For the last hour or more carp have graced Alan’s net on a regular basis. Most carp have taken an 11mm pellet, even though its 8mm he has been feeding. The fish seem to be mainly hard fighting commons between 3lb and 5lb with the odd larger sample thrown in.
‘I’m amazed how few anglers know how a fish reacts when you slacken off, basically it simply slowly sinks which is great as it allows me to rest my landing net on the surface and draw the fish over. It’s another problem that needed overcoming and a couple of claw style pole supports attached to my seat box station allow the net to rest on the lakes surface then drawn backwards so the fish can be unhooked’, he remarks.
‘For some unknown reason the swims has died over the forty minutes or so. The floats been lifting and dipping, it’s as if I have some other smaller species like roach within the swim. I’ve even tried fishing a bright coloured pellet and the ever faithful sweetcorn but the bites are the same’, Alan comments.
Then out of the blue the rod bends round and the reel starts to churn in proper pellet waggler style. This happens a couple of times before the forecasted storm clouds start to build on the distance horizon and Alan decides that his long overdue session to Watmore Farm needs to come to an end.

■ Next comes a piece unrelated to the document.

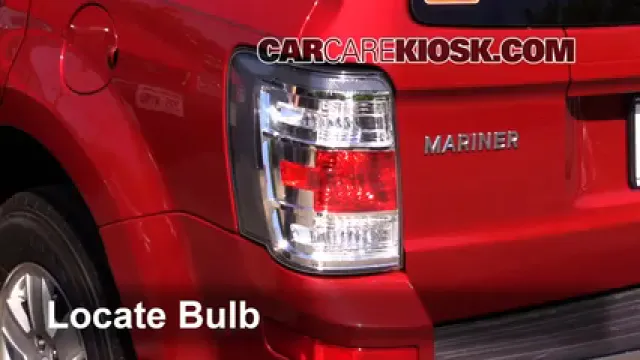 2009 Mercury Mariner 2.5L 4 Cyl. Éclairage Feux de marche arrière (remplacer une ampoule)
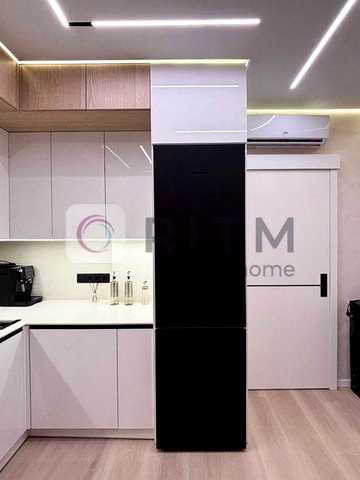 Продаж 2-кімнатної квартири з дизайнерським ремонтом у ЖК Continent Style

‘No need getting wet and ruining a wonderful, thought provoking session, now time for some rod rebuilding’, he grins.
The End Result–
The session is over in less than four hours and its only when Alan tries to lift his keepnet out of the water that he realises just how bigger weight he has built up. With around a dozen or more carp landed Alan may well have under estimated the average weight of each fish and guesses that there is around 70lb of carp in the net.
‘It’s been a strange session, slow and frustrating at times but then hectic at others but by ringing the changes I’ve kept the fish coming. This method is certainly not for the lazy angler and the more you work at it then the more rewarding it will be. These carp really do hang-on in here and my arms now aching, I’m certainly going to sleep well tonight’, he comments smiling from ear to ear!
Ticket information – Watmore Farm Fishery is a day ticket water located at Fox Lane, Eversley Cross, Hampshire RG27 ONQ. Day tickets cost £10 for adults and concessions are available Mon-Fri only costing £8. Call 01252 876323 for up to date information or visit the website www.watmorefarmfishery.co.uk
Top tips -
1. Less is more. Five or six pellets every few seconds is far better than a big handful on a less frequent basis.
2. Make sure you take plenty of spare bait as on occasions you will need it.
3. During quiet spells try a bright coloured pellet or a piece of sweetcorn. It often catches a curious cagey fish.
4. Constant use can see the weighting text lost on a float so try writing this on using an indelible pen.
5. A little gizmo that will make placing a pellet on a band so much quicker and easier is a pellet-bander.